How can we better provide alternatives to cars when existing infrastructure prioritizes cars?
Bike lanes — protected. More buses — electrified. Every person we get out of a car — because they want to, because we make it quicker and easier to do so — is less traffic, less pollution for all of us, including drivers. This is a win-win. Heat islands and traffic jams? No one’s a fan. We can do for our citizens what Paris has done for theirs, and we’re already far along. My next door neighbors would love to bike around with their three children more, but don’t feel safe doing so, so their SUV and truck see more use than their fleet of bikes. I may be the only candidate who only bikes, haven’t had a car for 15 years — and this will be a priority if elected. Not to make car drivers feel second class, but to make cyclists and our children and seniors feel safer walking, biking, busing, (and…inner-tubing) and driving.
What is your plan for increasing Boulder’s affordable housing supply?

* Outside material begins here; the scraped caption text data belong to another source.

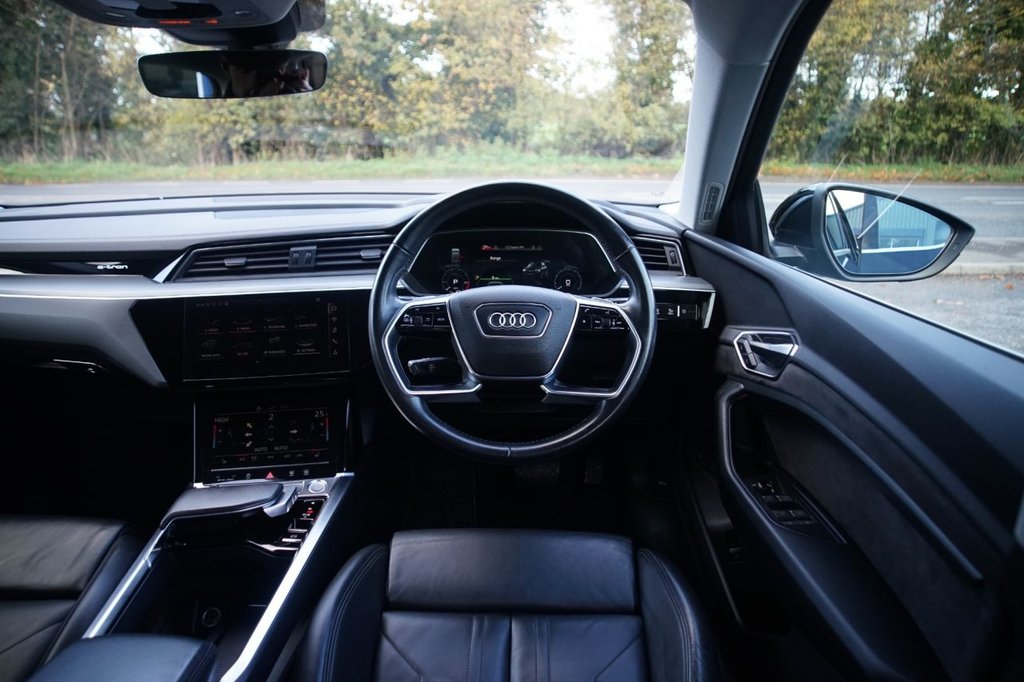 Used Audi e-tron 2020 for sale - 76396383: Photo 11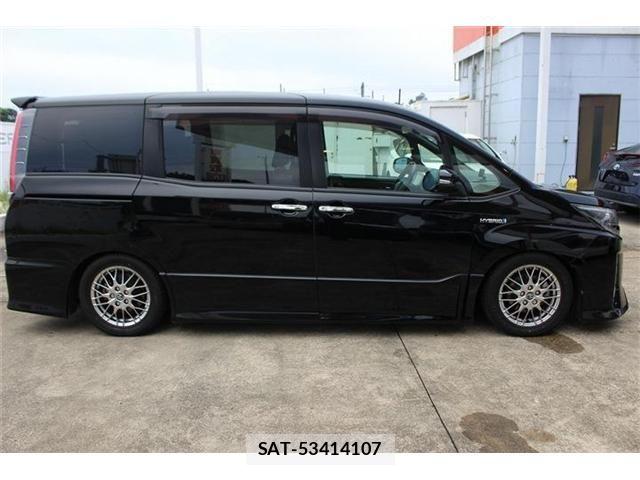 Toyota NOAH HYBRID 2018-02 8830823-13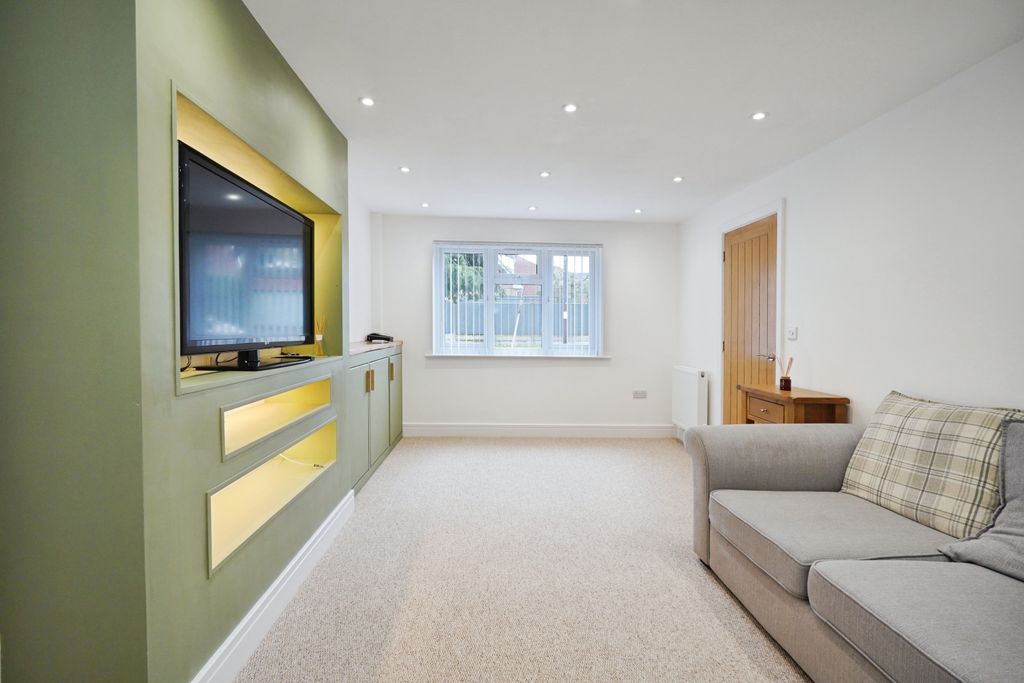 Property photo 2 of 25 Lounge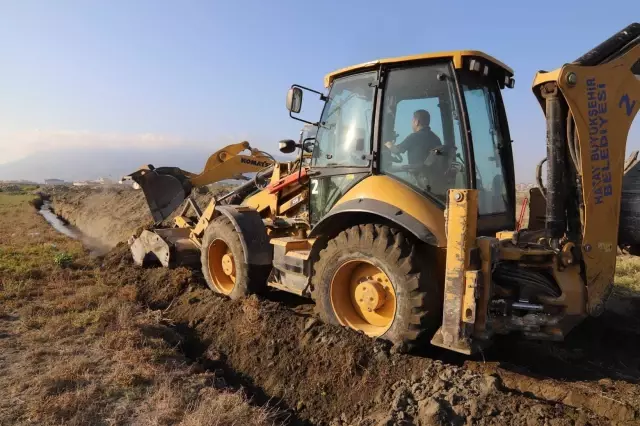 MİLLEYHA KUŞ CENNETİ KENARINA KAZILAN HENDEK KAPATILDI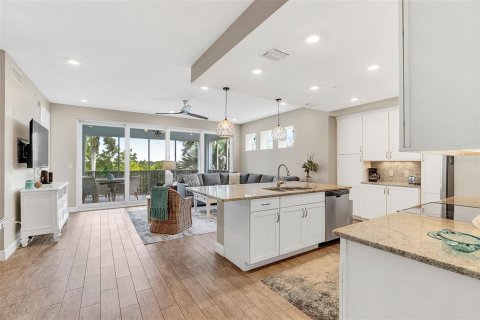 Copropriété à vendre à Bradenton, Floride: 3 chambres, 154.59 m2 № 2405226 - photo 12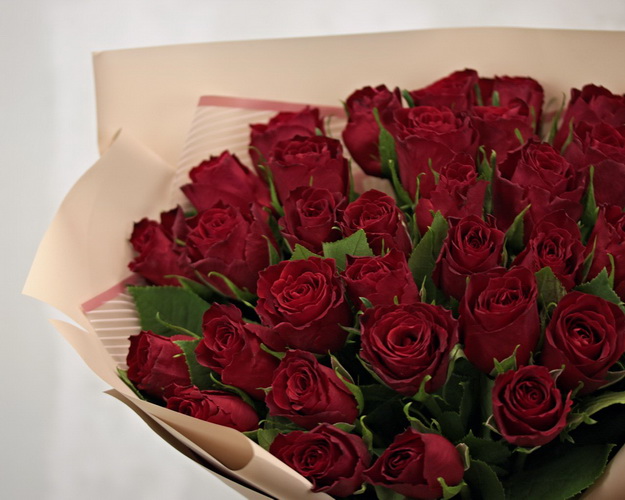 Букет з 35 червоних троянд в упакуванні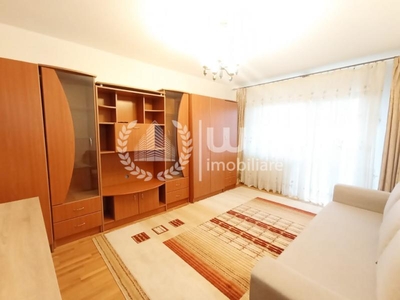 Apartament 2 camere | Decomandat | Etaj intermediar | Zona Pod Marasti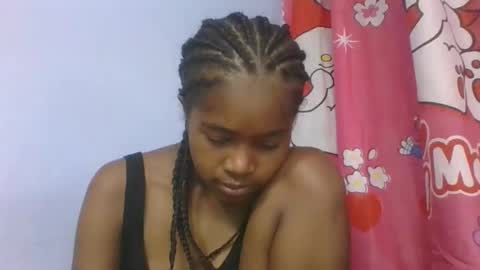 phania185885 online show from April 21, 5:17 pm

Boulder is becoming a white-washed homogenous and, dare I say, more boring town that it should be or inherently is. Home prices more than doubled 15 years ago, and we have yet to recover.
We are losing good, “weird” and wonderful people every day who move away to buy a home, start a family and business. I’ve been to three housewarmings in Boulder in the last 10 years. I’d love for more folks who work in Boulder to be able to live here. Double our funding for [Boulder Housing Partners, a nonprofit serving as the city’s housing authority], which is doing amazing work, and they can double the speed of our affordable housing. Affordability is a must for the “missing middle,” too — for those with a healthy but not wealthy income. ADUs are a good start, and will help locals afford their mortgage. Density is a scary word in the mouths of developers, but in the hands of eco, caring citizens, it can result in more communities like Holiday where children’s bikes are strewn across front yards, where communities feel safe, unpretentious and fun for all.
What approach would you take to address camping in our parks, on our bike paths and along our waterways?
This isn’t easy, making progress — but the status quo is far harder on all of us. It’s not safe for joggers, for tourists, for seniors, for cyclists or for our homeless. It’s also a moral issue: We can not allow ourselves as a society to look the other way on freezing cold nights or 100 degree days. We can work in concert with our police force, our non-profits and our homeless friends to help folks get the care they need to get back to permanent housing and active roles in society and employment. As for those concerned about making Boulder attractive to homeless elsewhere, that’s where the “stick” of carrot-fame comes in: enforcement.
Assume you are elected this November. Now imagine it’s November one year later. What one, specific thing will you have accomplished that you’re proud of? Put another way, what will define success for you after one year on council, or as mayor?
Thank you for assuming I’ll get elected. For me, my first priority will be process. City council should not pretend to be experts in everything, but to prioritize urgent, needed solutions to painful problems of affordability, homelessness/public safety, transportation, climate. We can be a city that we’re inspired by, every day, and grateful to live in. We can be a city that the world looks to for inspiration, again. After process, I will focus on homelessness/public safety first, in a way that will save lives, and save money, and return our city to safety and sanity. That said, climate solutions big and small, and affordability, go hat in hand with every other issue. Those three are my priorities.
P.S.: You asked for one accomplishment. I regard fire mitigation, along with flood mitigation, as urgent. Disasters are coming for us — we must be ready.